Every red-blooded believer knows, even vaguely, what those phrases are about. In the first case, Jesus had asked his disciples if they knew who he was. Peter, the leader of the leaders, blurted out, “You are the Messiah, the Son of the living God.” To which Jesus replied, “And I tell you that you are Peter, and on this rock I will build my church, and the gates of Hades will not overcome it.” (Matt 16:18)
Jesus established some facts here that we need to be mindful of:
- “Jesus is the Messiah”, and all that this entails, is the firm foundation upon which he has been building his ever-expanding global church throughout the ages.
- Jesus is ultimately responsible for the creation of his church, his bride, and he knows those who are his.
- “Gates” represent a defensive position. The gates of Hades, as far as Jesus is concerned, are under siege. And they will not prevail. All too often, the church seems like it’s under siege by the forces of evil. However, we are meant to be the aggressors against an enemy who has in reality already lost the battle!
In the second case, in a similar way to us being commissioned by our leaders, Jesus was commissioning the Church when he said, Therefore go and make disciples of all nations, baptizing them in the name of the Father and of the Son and of the Holy Spirit, and teaching them to obey everything I have commanded you.” (Matt 28:19)
Let me draw out some points here for us to keep in mind:
- Jesus was not just commissioning eleven individuals, he was commissioning the Church collectively which at that moment comprised 11 leaders we call apostles. It is vital for the Church to recapture a corporate ethos, rather than an individualistic one, in order for us to be strong enough to accomplish our mission.

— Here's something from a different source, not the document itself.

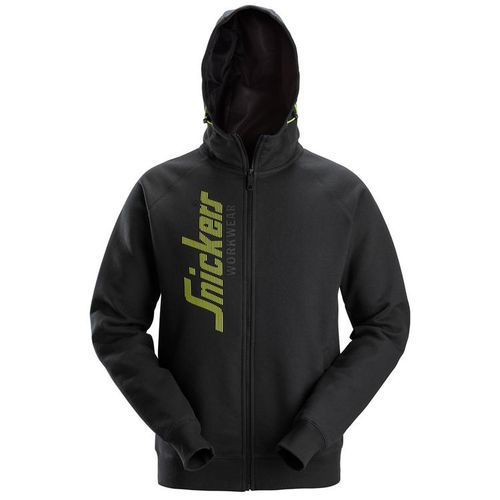 Sudadera con capucha de trabajo - 2846 - Snickers Workwear AB - de poliéster / de algodón / azul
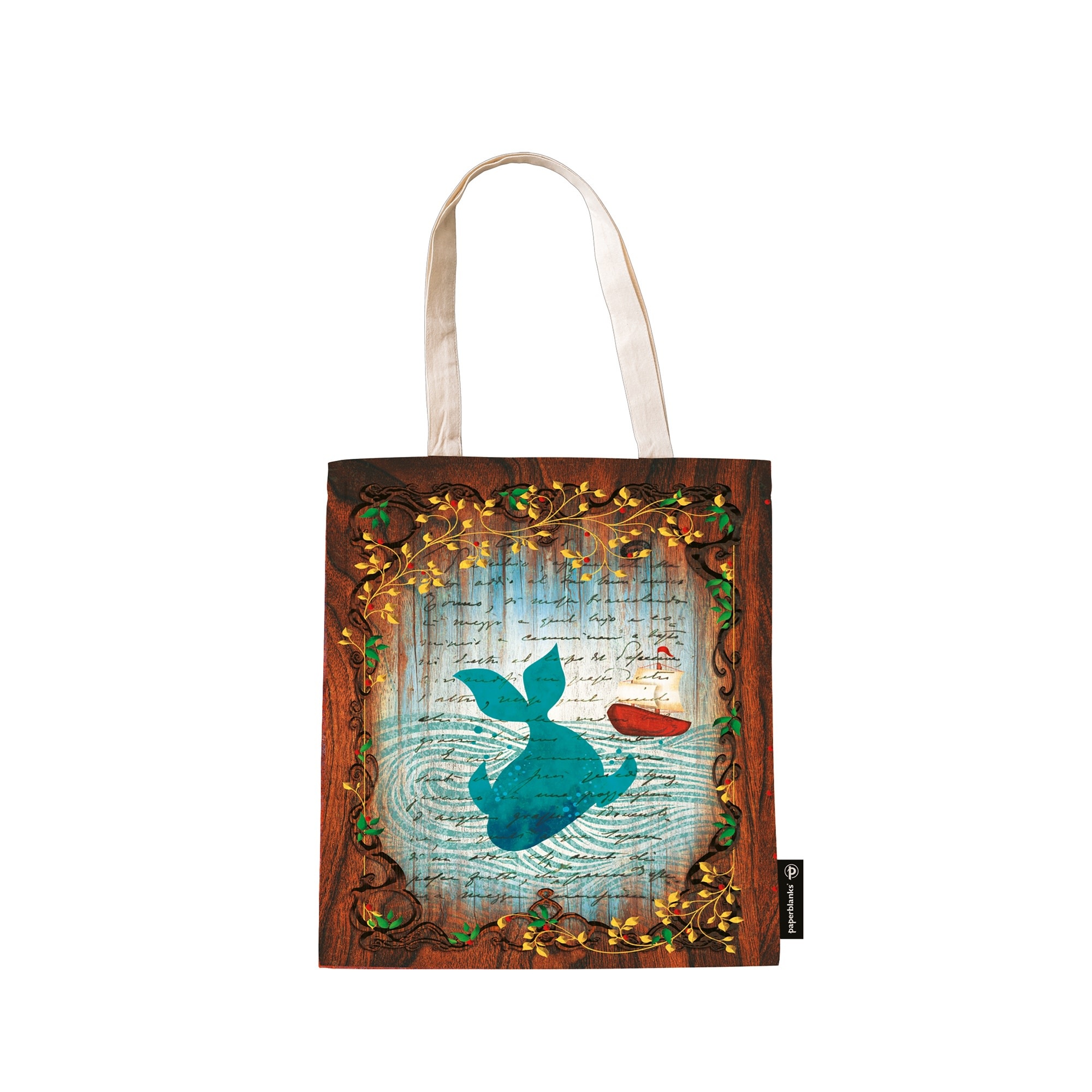 PAPERBLANKS Sacs en toile Carlo Collodi, Pinocchio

- If we are to make disciples, Jesus way, some attitudes and practises in the Church need to change. Jesus taught by living out the gospel in the presence of his disciples. He didn’t just give lectures on Sunday mornings and Wednesday nights. The principles of the Kingdom are much better modelled than messaged. They are better “caught” than “taught.”

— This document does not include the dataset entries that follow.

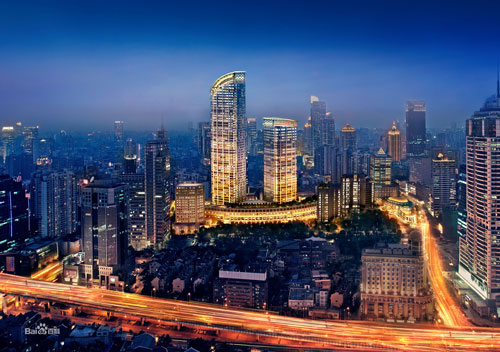 南京西路地铁口写字楼出租-兴业太古汇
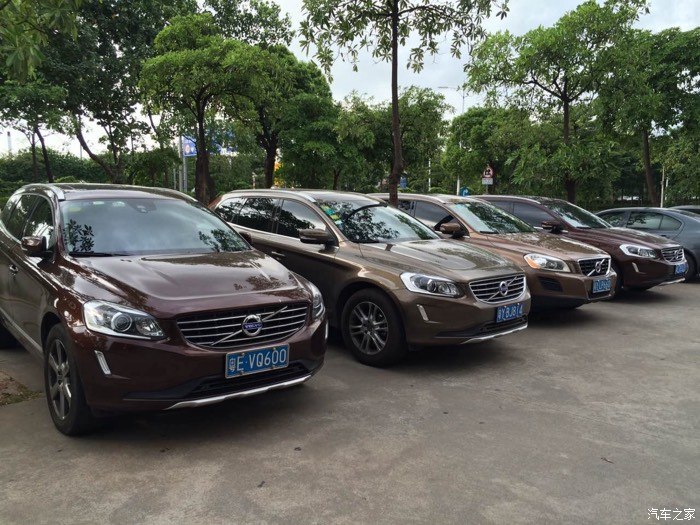 汽车之家佛山沃尔沃XC60车主FB首聚高清图片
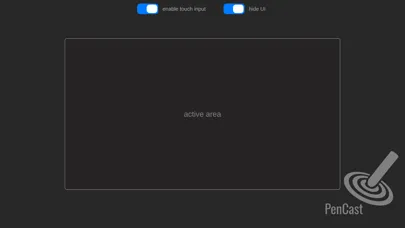 PenCast - Remote Pen Touchpad应用截图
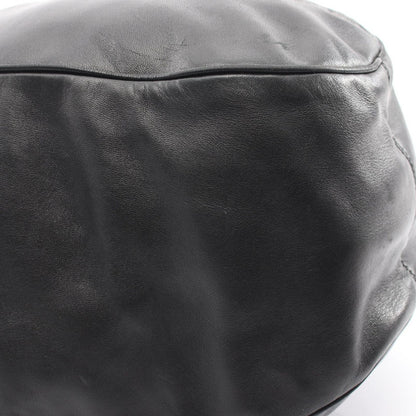 Loewe Shoulder Bag Anagram Black Leather — view 8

The church in Canada is suffering an identity crisis. We feel under siege, irrelevant, powerless. We must rediscover, in reality, that we are victors over evil. We start by finding strength in radical, authentic communities committed to obeying everything Jesus taught. The way to overcome evil (firstly in us) is to willingly commit to the crucible of community comprised of other broken but redeemed humans. This is where we learn the cost of true discipleship.